“There is a smug style in American liberalism,” wrote Emmett Rensin in a justly celebrated essay for the Vox web site. “It has been growing these past decades. It is a way of conducting politics, predicated on the belief that American life is not divided by moral difference or policy divergence — not really — but by the failure of half the country to know what’s good for them.”
Rensin wrote these words back in April 2016, before Brexit and before Trump. And time has made them even more pertinent. One might even call them prophetic. For if liberals used to adopt “a condescending, defensive sneer toward any person or movement outside of its consensus, dressed up as a monopoly on reason” before, they do so even more these days. And for the most part they are wholly unrepentant about it. Indeed, they are more often than not proud of their superiority complex. They are in the right, after all.
Rensen argues that the liberal smugness in the US is a consequence of the long decline in the number of working-class Democrats. In 1948, 66% of manual labourers voted for the Democrats. That figure was 55% in 1964. And 35% in 1980. And voting Democrat among the white working class has seen an even sharper decline.

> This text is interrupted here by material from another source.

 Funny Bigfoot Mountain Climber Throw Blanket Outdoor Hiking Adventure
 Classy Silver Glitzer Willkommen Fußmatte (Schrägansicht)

So by the Nineties, Rensin argues, the old alliance between the working class and the progressive, college-educated elites began to break apart, leaving the graduates puzzling to themselves why they had been abandoned by the working class. Thomas Frank asked the question, in 2004, with his best selling book: What is the Matter with Kansas? And the answer that they began to develop was that the working class were basically too stupid to know what was in their best interest.
Frank, for example, argues that the Kansas working class have been duped by a Republican alliance of social conservatism and economic liberalism. The Republicans, he contends, make conservative noises (though not much more) about social issues – gay rights, abortion etc – so as to garner working-class support for a set of economic policies that only ever benefit the wealthy. In other words, they are duped. And why are they duped? Because they are stupid.
Rensin’s analysis is of the United States – but it feels uncomfortably close to the state of play in the United Kingdom in the run up to Brexit. What is the matter with the Midlands? Progressives offer a similar answer: foolish Leavers have been duped by an appeal to patriotism and the fear of immigration as a way to get them to vote against their own economic interests. The only explanation for this is that they were too stupid to know what was going on – idiots who were sold a fantasy on the side of a bus.